Islamic religious police force in Aceh, Indonesia

Wilayatul Hisbah is the Islamic religious police force responsible for the enforcement of sharia law in the autonomous region of Aceh, Indonesia.

== History ==
The origins of this force can be traced to 2001 when a special autonomy law was promulgated to allow for the province of Aceh to implement more elements of sharia law, which the Indonesian government saw as a useful way of decreasing local fervor for Acehnese independence.

These officers have reportedly been patrolling the streets since 2002, but the force was formally established in 2004. It was established at both provincial level as well as the district and municipality levels.

== Purpose ==
The units were formed in response to an increase in "unmarried couples, Muslim women without headscarves or those wearing tight clothes, and people drinking alcohol or gambling,” which authorities perceived to have become more common following contact with Western ideas after foreign aid was provided after the 2004 Indonesian tsunami.

== Organization ==
The latest constituting document of Wilayatul Hisbah, Governor of Aceh Decree No. 139/2016, structured the force as follow:

- Office of Head/Commander of Wilayatul Hisbah
- Secretariat.
  - Bureau of General Affairs and Employment
  - Bureau of Programs and Reporting
  - Bureau of Finance
- Division of Regional Law Enforcement.
  - Section of Investigation
  - Section of Civil Apparatus Guidance and Fostering
  - Section of Internal Prosecution
- Division of Public Order and Peace
  - Section of Operation and Control
  - Section of Public Order and Peace Guidance and Fostering
  - Section of Regional Assets Security and Monitoring
- Division of Islamic Sharia Monitoring
  - Section of Islamic Sharia Operation and Monitoring
  - Section of Islamic Sharia Guidance and Extension
  - Section of Reporting of Islamic Sharia Violations
- Division of Public Protection
  - Section of Civil Defense Units Development
  - Section of Public Potentials Guidance and Fostering
  - Section of Readiness
- Division of Inter-institutional Relation
  - Section of Institutional Development
  - Section of Coordination and Partnership
  - Section of Public Relation
As apparatus of Aceh province, the commander of Wilayatul Hisbah reported to Governor of Aceh, but the institution consolidated and consulted to the Directorate General of Territorial Administration of the Ministry of Home Affairs.
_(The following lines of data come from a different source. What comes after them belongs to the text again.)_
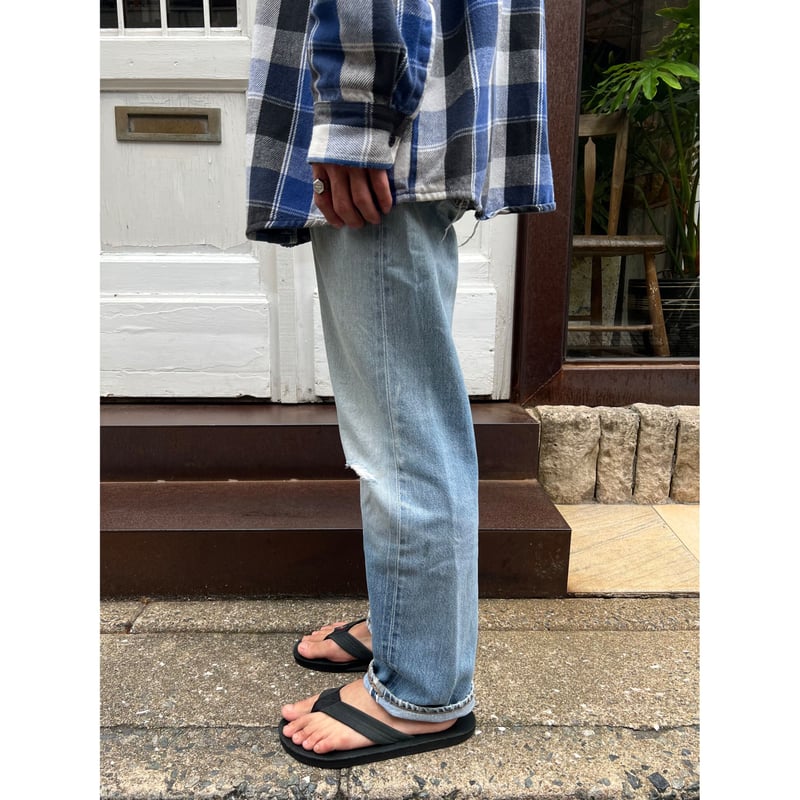 70s Levi’s 501 “66 Chain” Big Size Pants 70s Levi's 501 “66 Chain” Big Size Pants 70s Levi's 501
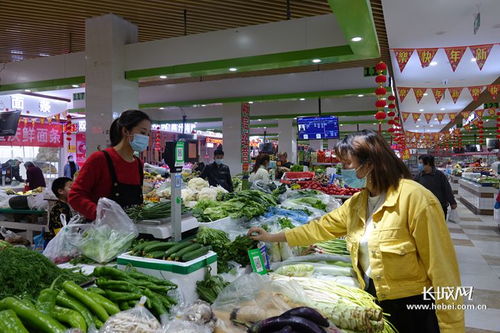 河北上周食用農(nóng)產(chǎn)品與生產(chǎn)資料市場價(jià)格運(yùn)行平穩(wěn)，批發(fā)市場狀況穩(wěn)定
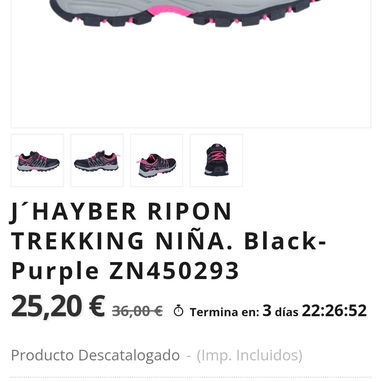 Vendo tenis - Img 126274978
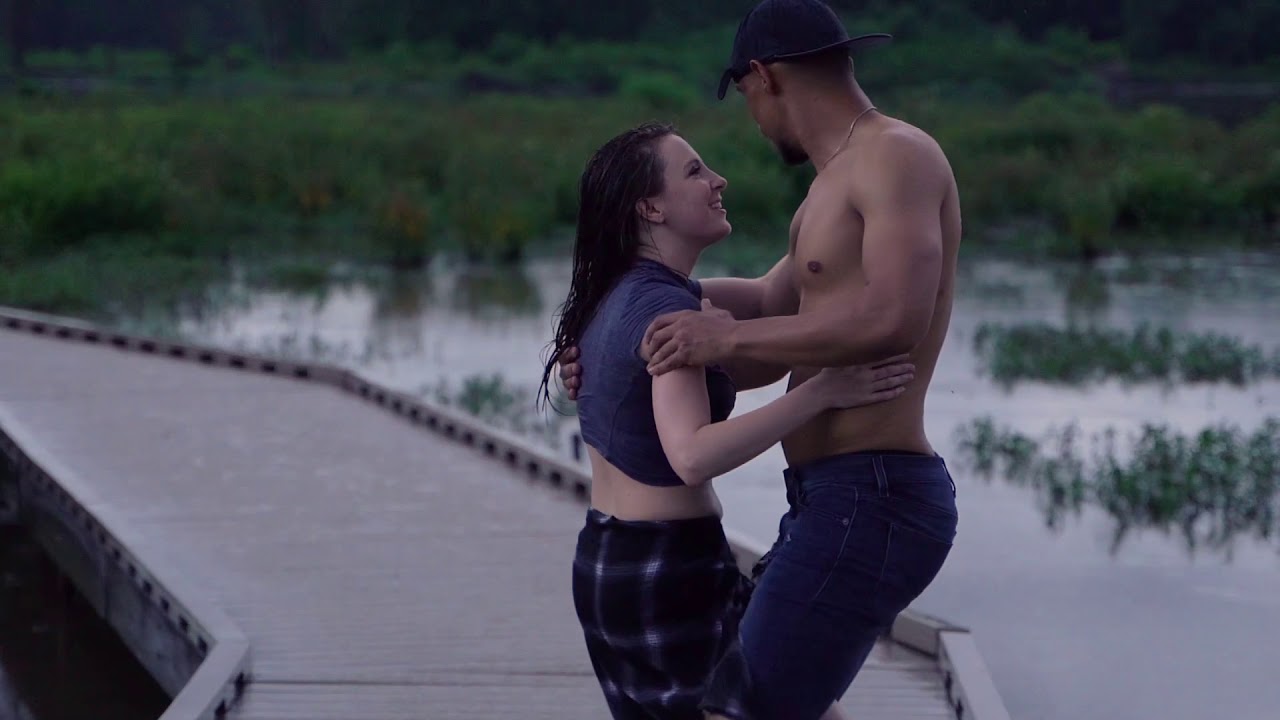 Kuna + Tori Zouk in the Rain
Each city or regency in Aceh province possessed their own Wilayatul Hisbah office, but they are subordinates to their respective city or regency local government.

Provincial Wilayatul Hisbah possessed the power to held guidance and fostering to the Wilayatul Hisbah office in city or regency.

The Wilayatul Hisbah was described in a 2014 report as being a "voluntary" force.

== Disclaimer ==
The Wilayatul Hisbah was separated and differed from another department in Aceh Province, Aceh Province Department of Islamic Sharia, which was tasked to educate, foster, conserve Islamic ways and way of life in Aceh, and performing research and assessments for producing Islamic law documents applicable in Aceh Province.

While Aceh Department of Islamic Sharia tasked with such tasks, it does not have power for law enforcing. The Wilayatul Hisbah enforced the laws applicable within the province only but it has to coordinate with the local branches of Indonesian national police to enforce cases.

== Controversies ==
The force's integrity has been questioned occasionally.

Its public image deteriorated heavily in 2010 after three officials were found to have raped a girl that was being detained by them in West Aceh Regency.

In another instance, an officer was found to be engaging in sex with his girlfriend in a Banda Aceh bathroom.